Special precaution is required for susceptible and immunodeficient individuals as aged, infants and pregnant females, these should avoid contact with patient.
Myth: don't bath for a week during active blistering
Patient can take a bath during blistering, it is good for hygiene but avoid scrubbing or scratching of lesions as there may be a secondary bacterial infection and scarring.
Myth: chickenpox is completely harmless disease
Generally children have milder disease as compared to adults. Majority of children get mild infection and recover completely after healing of lesions.
But in some individuals with weakened immunity, there can be serious complications. Such susceptible individuals include adults, infants, immunodeficient children, pregnant females, people with HIVAids or on cancer chemotherapy. Such complications include bacterial skin infection, sepsis, pneumonia, bleeding disorder or dehydration.
In pregnant females, chickenpox infection can cause congenital anomalies or serious disease in newborn.
Shingles or herpes zoster is a delayed complication of varicella. Sometimes, an infection during childhood may not recover completely and the virus lies dormant in nerves in body. Later in adulthood, varicella virus reactivates and causes rash and pain along the nerve course supplying the area.
Myth: all children should be exposed to infection as soon as possible
As chickenpox causes mild disease in children as compared to adults, some parents think that it is better to get children exposed to infection and make them immune till adulthood. But this should be avoided as varicella infection can be dangerous to infants(babies less than 1 year) and children with low or weakened immunity.
Myth: there is no medical treatment of chicken pox
In children with milder disease, the condition improves by only symptomatic treatment.
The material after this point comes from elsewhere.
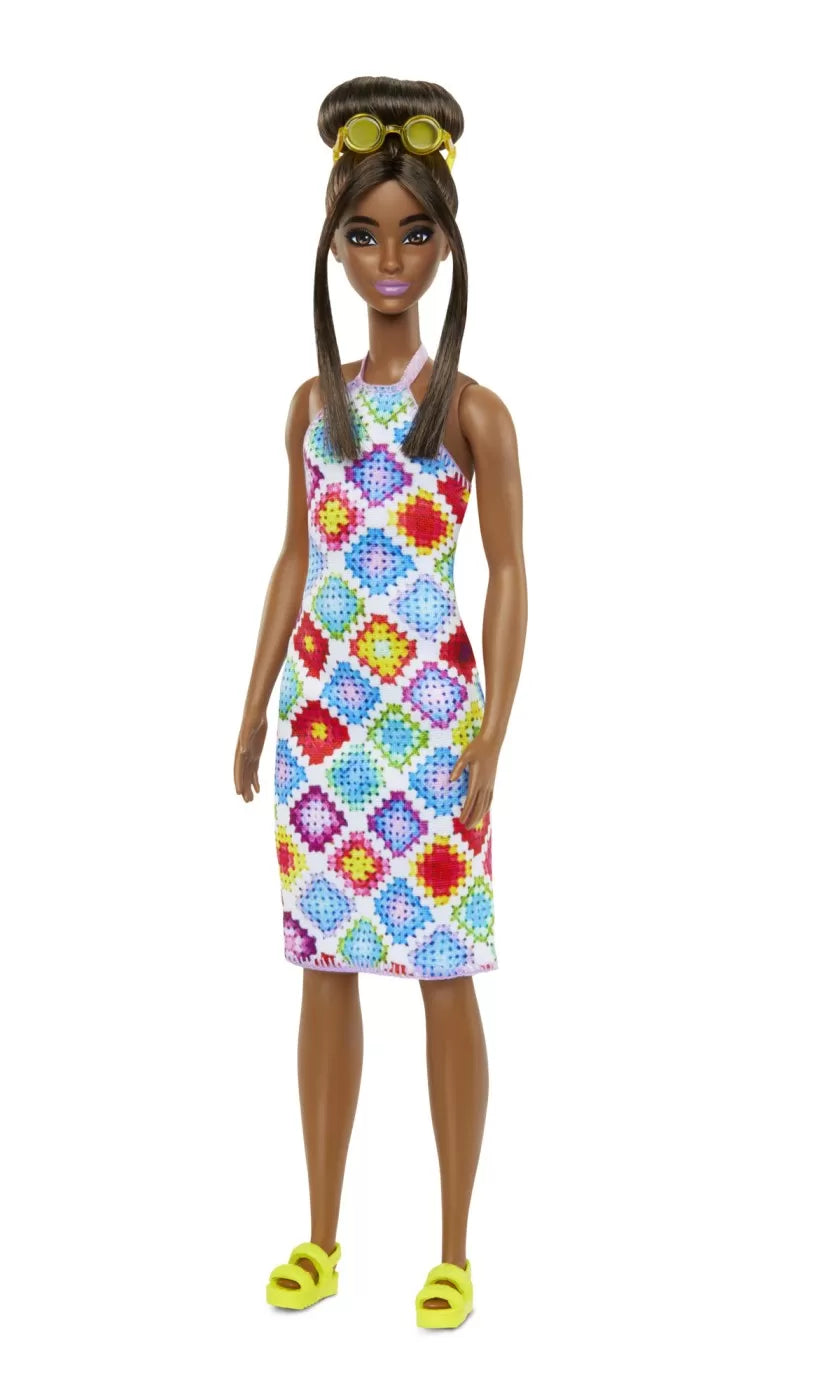 Papusa barbie fashionista satena cu ochelari de soare galbeni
For example, fever is relieved by paracetamol, itching can be relieved by oral antihistamines or application of calamine lotion.
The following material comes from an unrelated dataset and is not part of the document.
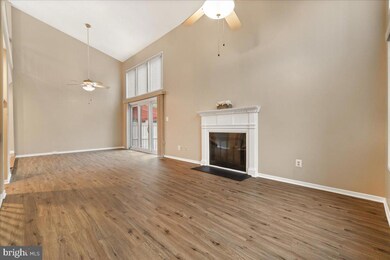 14 Sparrow Valley Ct, Montgomery Village, MD 20886 - photo 3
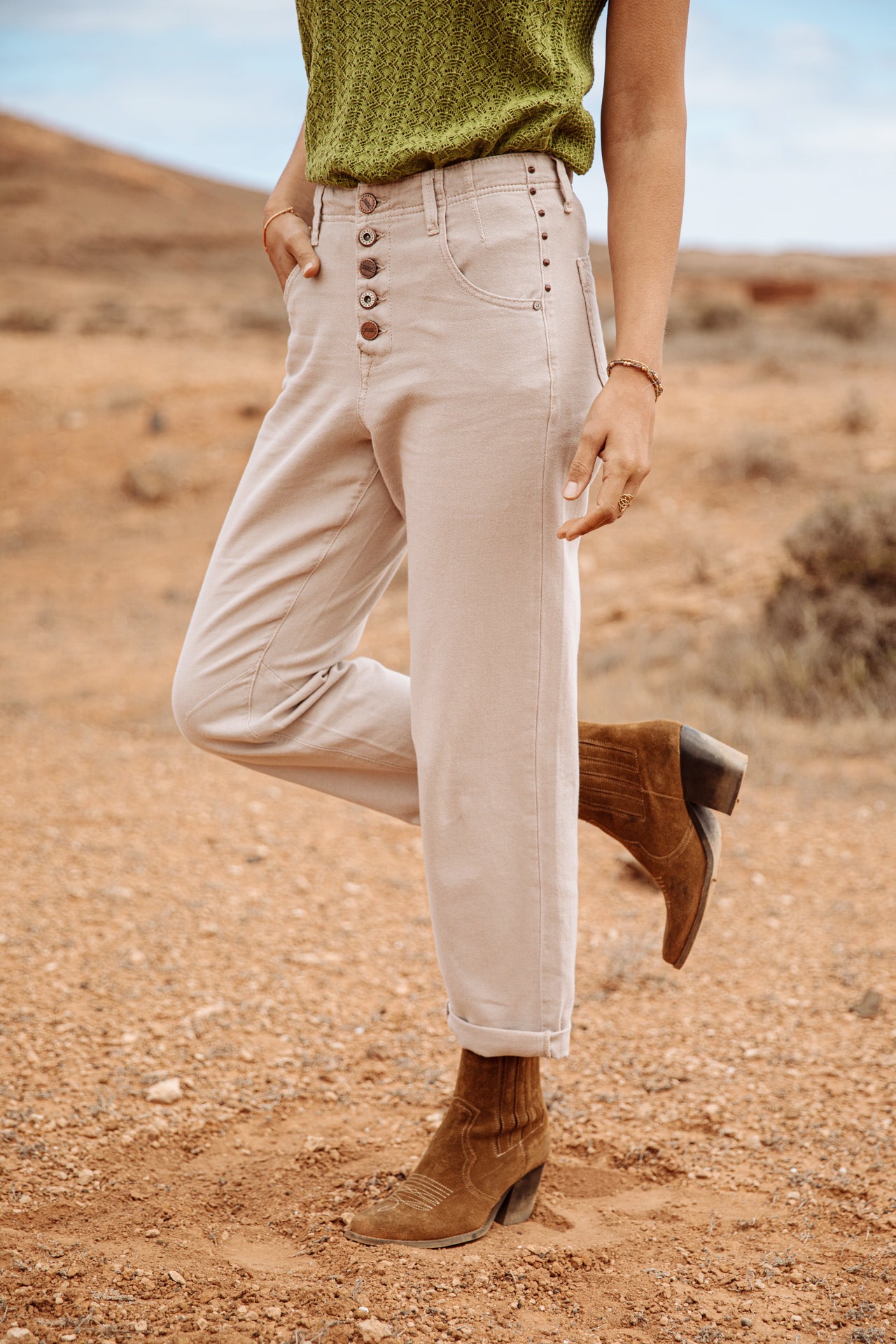   
            

Pantalon boyfriend droit Woman Sloane Lecce simply taupe | Freeman T. Porter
In adults, adolescents(>14 year of age)and pregnant females with chickenpox infection or those with serious disease or developing complications require antiviral medicine(as aciclovir, famciclovir). These drugs limit the severity of disease, these do not kill virus but stop multiplication of virus. The antiviral drugs should be started within 24 hours of appearance of rash for better effect, if started beyond this time, these would be ineffective.
In high risk patients as those with weakened immunity(those with HIVAIDs, on cancer chemotherapy, immunodeficient disease),newborn babies whose mother developed chickenpox within 5 days of delivery or within 2 days of delivery are given Varicella zoster immunoglobulin . It should be given within 72 hours of exposure.
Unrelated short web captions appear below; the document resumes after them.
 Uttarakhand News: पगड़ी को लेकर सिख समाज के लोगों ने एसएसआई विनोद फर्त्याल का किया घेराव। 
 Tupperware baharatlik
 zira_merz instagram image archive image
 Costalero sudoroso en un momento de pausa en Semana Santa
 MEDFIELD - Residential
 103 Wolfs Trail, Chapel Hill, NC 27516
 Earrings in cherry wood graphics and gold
Myth: chickenpox vaccine provides 100% lifetime protection
Best way to prevent chickenpox is by vaccination. Chickenpox vaccine is made from a live but weakened or attenuated virus, that is capable of stimulating antibodies against virus and body’s immune system. Chickenpox vaccine is very safe and effective at preventing the disease. Many children who get the vaccine will not get chickenpox, but many times, even a vaccinated person gets chickenpox. However, it is usually mild—with fewer red spots or blisters and mild or no fever. The chickenpox vaccine prevents many cases of severe disease.
Children, adolescents and adults should get two doses of vaccine. In routine vaccination, one dose of vaccine is given at 12-18 month of age, then a booster is repeated at 4-6 year of age. In older unvaccinated children, two doses are given at an interval of 4-6 months.
Myth: you get chickenpox only once in lifetime
Fact: partially true
This is correct for the majority of people. Like many other diseases, your body fights it off with antibodies and develops a resistance to it, but still some people don’t constantly produce these antibodies after the recover. So there can be a chance of contracting chickenpox a second time.